Odzyskiwanie energii podczas zjazdu z góry może być w samochodzie elektrycznym nie tyle miłym dodatkiem, co wręcz jednym z kluczowych elementów wartym uwzględnienia podczas planowania wycieczki w górzyste rejony. Niektóre auta BEV odzyskują naprawdę wiele… podczas gdy inne mocno w tej kwestii rozczarowują. Niemiecki ADAC przeprowadził na ten temat interesujący test.
W górę i w dół
Aby uzyskać miarodajne warunki pomiarowe, badacze najpierw pojechali w góry – odwiedzili Kesselberg pomiędzy Kochel a Walchensee. Dokładnie spisali parametry tamtejszej liczącej 5,5 kilometra trasy, w tym jej nachylenie. Odtworzyli je potem w centrum testowym. Wszystko po to, by na wynik nie wpływały czynniki zewnętrzne, takie jak pogoda, wiatr czy ruch drogowy. Auta przejeżdżały trasę w górę, a potem w dół – z odcinkami do dziesięciu procent nachylenia.
Jakie modele sprawdzano? Była to Dacia Spring Extreme 65 (moc 33 kW, 1180 kg masy własnej, napęd na przód), Tesla Model Y Performance (387 kW, 2186 kg, napęd AWD), BMW i7 xDrive 60 (400 kW, 2830 kg, AWD). Wzięto więc pod uwagę auta różnych klas.
Duże zużycie, duży odzysk
Według pomiarów ADAC, Dacia Spring zjeżdżając z góry odzyskała 35 procent energii zużywanej pod górę, Tesla – 40 procent, a BMW – aż 50 procent. Różnice wynikają przede wszystkim z masy auta i mocy. Lekki Spring z małym akumulatorem ładuje się jadąc w dół z mocą maksymalnie 15,9 kW. Tesla Model Y osiąga 52,7 kW, a BMW i7 – aż 55,1 kW. To wartość, której Dacia… nie osiąga nawet na stacji ładowania. Dacia zużywa średnio 9,65 kWh/100 km na całej trasie testowej (czyli podczas wjazdu i zjazdu), Tesla 15,57 kWh/100 km, a BMW 16,54 kWh/100 km.
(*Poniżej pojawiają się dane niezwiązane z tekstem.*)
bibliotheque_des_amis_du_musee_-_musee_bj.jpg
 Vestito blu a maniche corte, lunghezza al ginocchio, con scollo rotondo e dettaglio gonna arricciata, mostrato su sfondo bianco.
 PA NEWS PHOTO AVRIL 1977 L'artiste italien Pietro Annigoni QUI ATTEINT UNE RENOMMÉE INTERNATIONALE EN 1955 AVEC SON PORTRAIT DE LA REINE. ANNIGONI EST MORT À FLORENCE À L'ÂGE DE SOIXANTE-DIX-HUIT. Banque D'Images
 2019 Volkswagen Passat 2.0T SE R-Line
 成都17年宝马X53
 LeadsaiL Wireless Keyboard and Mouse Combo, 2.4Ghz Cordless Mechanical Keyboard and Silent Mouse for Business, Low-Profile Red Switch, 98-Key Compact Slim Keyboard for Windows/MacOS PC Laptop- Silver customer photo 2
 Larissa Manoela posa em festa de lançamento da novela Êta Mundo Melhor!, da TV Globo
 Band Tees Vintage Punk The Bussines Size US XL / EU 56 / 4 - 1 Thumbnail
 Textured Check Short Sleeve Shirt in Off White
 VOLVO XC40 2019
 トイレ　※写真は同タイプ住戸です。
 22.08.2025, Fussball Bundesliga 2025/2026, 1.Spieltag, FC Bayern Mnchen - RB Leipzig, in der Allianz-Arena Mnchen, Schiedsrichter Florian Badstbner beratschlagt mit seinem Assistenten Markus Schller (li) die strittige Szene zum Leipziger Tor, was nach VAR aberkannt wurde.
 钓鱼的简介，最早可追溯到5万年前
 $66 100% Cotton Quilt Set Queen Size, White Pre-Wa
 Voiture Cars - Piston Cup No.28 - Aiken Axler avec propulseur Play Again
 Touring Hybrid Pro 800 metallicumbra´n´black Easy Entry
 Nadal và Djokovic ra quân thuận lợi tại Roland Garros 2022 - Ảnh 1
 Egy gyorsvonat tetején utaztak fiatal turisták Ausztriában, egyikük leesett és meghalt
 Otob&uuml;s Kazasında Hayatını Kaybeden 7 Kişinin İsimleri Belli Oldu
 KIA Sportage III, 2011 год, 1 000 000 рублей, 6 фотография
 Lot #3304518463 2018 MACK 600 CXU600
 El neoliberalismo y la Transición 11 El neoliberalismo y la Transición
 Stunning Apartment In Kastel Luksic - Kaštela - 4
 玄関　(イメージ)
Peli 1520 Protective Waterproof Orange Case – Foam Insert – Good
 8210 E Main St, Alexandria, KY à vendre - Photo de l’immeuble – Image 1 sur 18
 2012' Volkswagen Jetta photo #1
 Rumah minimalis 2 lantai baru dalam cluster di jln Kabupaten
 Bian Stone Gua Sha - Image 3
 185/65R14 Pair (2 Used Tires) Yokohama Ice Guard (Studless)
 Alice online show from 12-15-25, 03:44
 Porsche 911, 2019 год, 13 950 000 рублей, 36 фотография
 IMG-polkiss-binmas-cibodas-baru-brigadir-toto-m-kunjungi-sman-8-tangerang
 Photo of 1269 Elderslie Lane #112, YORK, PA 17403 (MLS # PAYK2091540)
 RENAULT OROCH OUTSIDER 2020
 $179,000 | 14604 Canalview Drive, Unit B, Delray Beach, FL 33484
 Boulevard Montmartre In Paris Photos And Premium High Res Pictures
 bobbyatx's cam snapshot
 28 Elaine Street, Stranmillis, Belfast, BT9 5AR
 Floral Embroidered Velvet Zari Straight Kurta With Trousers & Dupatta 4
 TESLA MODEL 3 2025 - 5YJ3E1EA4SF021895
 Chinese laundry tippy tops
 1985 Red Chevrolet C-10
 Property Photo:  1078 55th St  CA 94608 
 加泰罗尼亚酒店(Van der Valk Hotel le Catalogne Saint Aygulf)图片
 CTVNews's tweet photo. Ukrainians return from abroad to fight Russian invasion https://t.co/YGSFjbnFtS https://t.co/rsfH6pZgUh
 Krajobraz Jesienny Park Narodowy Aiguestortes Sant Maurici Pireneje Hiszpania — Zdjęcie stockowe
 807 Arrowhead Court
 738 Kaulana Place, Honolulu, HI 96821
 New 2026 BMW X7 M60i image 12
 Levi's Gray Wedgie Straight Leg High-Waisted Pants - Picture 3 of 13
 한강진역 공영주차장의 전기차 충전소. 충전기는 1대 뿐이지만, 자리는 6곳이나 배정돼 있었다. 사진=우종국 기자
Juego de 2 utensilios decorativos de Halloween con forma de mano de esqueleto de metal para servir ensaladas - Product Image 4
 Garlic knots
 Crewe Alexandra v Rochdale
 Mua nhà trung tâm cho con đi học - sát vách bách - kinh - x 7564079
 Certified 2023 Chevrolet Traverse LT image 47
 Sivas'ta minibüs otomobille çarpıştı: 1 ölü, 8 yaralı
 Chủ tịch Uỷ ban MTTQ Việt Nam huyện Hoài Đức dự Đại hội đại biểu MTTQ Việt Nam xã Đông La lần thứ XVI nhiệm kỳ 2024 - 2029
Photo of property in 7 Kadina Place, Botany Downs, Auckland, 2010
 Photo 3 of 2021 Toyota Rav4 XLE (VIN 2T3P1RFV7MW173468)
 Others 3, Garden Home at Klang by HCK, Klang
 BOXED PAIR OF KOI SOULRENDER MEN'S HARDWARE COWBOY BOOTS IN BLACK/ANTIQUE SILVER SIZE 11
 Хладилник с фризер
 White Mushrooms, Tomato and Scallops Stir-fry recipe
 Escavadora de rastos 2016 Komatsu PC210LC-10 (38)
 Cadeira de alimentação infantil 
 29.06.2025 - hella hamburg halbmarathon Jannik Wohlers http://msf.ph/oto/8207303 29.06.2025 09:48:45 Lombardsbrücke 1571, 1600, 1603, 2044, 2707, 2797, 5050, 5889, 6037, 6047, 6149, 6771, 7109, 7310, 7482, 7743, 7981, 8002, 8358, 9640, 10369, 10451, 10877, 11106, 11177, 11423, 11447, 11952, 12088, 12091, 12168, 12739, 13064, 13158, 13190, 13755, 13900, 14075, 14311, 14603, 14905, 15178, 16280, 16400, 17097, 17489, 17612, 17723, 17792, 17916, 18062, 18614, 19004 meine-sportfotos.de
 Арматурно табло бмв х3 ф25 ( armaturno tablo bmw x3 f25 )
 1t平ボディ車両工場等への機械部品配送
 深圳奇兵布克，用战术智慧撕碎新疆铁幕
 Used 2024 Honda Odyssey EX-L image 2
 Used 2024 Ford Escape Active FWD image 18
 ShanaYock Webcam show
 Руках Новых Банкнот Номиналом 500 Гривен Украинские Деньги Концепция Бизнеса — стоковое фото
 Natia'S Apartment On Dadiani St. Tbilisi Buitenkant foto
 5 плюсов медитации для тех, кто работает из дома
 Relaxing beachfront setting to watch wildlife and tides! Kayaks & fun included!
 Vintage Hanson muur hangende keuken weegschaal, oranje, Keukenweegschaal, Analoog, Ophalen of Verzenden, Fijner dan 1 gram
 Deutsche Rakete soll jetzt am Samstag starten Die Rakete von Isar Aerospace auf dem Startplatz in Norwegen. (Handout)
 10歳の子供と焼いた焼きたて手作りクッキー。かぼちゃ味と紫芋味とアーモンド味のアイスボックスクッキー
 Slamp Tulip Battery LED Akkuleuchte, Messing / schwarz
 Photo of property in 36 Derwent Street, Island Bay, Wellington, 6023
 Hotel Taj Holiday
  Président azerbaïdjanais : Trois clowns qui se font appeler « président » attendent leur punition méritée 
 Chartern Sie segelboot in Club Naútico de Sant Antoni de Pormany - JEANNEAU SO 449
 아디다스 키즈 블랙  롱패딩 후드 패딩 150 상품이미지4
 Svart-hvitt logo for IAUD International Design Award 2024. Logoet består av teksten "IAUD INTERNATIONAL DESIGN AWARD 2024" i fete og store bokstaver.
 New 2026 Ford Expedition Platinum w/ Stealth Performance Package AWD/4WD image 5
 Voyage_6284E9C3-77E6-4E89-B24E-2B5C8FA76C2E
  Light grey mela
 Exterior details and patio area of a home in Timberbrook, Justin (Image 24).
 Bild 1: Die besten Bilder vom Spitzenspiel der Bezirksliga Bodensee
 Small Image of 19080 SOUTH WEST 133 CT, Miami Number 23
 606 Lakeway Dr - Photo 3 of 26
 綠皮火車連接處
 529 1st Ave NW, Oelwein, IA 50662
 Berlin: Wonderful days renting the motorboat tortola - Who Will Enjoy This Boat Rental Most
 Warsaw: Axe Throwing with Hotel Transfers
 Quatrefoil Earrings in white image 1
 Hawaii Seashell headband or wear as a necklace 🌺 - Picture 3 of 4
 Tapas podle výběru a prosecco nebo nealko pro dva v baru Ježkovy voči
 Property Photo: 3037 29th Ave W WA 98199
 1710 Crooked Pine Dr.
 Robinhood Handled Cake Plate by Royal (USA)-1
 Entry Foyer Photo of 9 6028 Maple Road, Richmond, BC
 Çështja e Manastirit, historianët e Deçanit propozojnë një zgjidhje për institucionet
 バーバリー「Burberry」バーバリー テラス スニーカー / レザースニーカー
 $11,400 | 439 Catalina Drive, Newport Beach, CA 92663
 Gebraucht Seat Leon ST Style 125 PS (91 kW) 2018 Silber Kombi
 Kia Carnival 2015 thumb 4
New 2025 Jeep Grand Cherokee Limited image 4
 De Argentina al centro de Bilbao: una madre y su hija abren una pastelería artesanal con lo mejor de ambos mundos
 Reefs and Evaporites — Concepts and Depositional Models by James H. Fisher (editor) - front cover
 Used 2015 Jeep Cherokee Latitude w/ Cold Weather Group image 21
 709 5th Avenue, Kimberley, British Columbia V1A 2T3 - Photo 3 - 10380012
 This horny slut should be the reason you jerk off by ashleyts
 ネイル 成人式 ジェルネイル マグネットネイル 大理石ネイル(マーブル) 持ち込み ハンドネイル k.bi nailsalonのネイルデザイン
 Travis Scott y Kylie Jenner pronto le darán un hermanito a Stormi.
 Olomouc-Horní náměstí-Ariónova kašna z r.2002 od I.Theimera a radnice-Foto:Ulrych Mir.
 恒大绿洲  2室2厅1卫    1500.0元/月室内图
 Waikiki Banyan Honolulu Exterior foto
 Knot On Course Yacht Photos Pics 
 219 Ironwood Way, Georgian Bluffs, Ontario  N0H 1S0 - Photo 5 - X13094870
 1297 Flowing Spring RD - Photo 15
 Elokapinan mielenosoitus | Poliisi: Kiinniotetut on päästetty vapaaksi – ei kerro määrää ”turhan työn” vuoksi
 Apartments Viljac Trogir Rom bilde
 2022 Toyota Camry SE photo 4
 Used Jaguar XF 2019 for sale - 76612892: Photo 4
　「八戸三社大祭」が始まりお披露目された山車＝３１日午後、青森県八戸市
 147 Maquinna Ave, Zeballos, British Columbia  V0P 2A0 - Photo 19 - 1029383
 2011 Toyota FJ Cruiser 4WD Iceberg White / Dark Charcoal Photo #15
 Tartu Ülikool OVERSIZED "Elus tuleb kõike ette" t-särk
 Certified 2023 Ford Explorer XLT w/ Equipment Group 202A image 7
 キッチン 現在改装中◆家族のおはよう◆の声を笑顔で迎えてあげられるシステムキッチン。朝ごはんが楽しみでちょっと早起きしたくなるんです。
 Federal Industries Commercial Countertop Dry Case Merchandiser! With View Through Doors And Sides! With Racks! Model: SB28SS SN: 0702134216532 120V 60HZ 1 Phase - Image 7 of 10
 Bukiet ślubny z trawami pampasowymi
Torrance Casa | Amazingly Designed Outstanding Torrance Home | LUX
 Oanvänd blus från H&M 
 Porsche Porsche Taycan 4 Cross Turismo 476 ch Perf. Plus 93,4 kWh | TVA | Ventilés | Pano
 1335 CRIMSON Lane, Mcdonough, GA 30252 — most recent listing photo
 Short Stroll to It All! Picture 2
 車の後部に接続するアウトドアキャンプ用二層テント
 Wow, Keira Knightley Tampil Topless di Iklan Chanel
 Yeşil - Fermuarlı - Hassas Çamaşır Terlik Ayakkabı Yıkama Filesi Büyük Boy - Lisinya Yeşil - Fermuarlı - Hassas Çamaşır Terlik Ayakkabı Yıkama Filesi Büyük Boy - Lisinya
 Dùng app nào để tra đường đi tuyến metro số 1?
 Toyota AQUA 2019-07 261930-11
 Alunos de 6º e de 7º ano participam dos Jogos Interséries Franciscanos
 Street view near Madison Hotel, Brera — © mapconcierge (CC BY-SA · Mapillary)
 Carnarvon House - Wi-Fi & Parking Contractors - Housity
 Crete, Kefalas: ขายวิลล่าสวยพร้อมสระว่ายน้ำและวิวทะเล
Pod względem zużycia energii elektrycznej sprawa się więc odwraca – mimo najgorszego wyniku przy rekuperacji, Spring jest mimo wszystko najbardziej ekonomiczny.
Koreańczycy w czołówce rekuperacji
ADAC prezentuje także dane Green NCAP dotyczące rekuperacji. Tutaj nie mówimy już o pomiarach imitujących jazdę w górach. Pod uwagę brane są rezultaty z pomiaru w cyklu WLTP. Zbadano 19 aut EV w identycznych warunkach (23 stopnie Celsjusza, nie do końca naładowany akumulator). Zwycięzcą tej konkurencji okazał się samochód Nio ET7 100 khW, który średnio odzyskał 31 proc. zużytej energii. Drugie miejsce zajął Hyundai Ioniq 6 77,4 kWh (29 procent odzyskanej energii). Dobrze wypadł także Volkswagen ID.5 (26 procent), a kolejne miejsca zajęły takie auta, jak BMW i4 eDrive 45, XPeng G9 Long Range i Tesla Model S (po 24 procent). Tesla Model 3 odzyskała 23 procent – tyle samo, co Audi Q4 e-tron 50. Najsłabiej wypadła Dacia Spring (9 procent). Cupra Born 58 kWh odzyskała 16 procent, co sprawiło, że uplasowała się na drugim miejscu od końca.
Miasto zwiększa zasięgi
Średnio, wszystkie testowane auta odzyskują 22 procent energii. Najwięcej energii (średnio 33 procent) odzyskiwanych jest na miejskim etapie próby WLTP. Nawet najgorszy pojazd w badaniu wciąż w mieście odzyskuje 15 procent. Poza miastem wydajność rekuperacji wynosi średnio 21 proc., a na autostradzie (z maksymalną prędkością 130 km/h) tylko 12 procent. Im więcej hamowania, tym lepszy odzysk energii – oto jeden z wniosków płynących z badań ADAC i Green NCAP. Wie o tym każdy, kto jechał autem elektrycznym. Zużycie w trasie potrafi czasami niemiło zaskoczyć.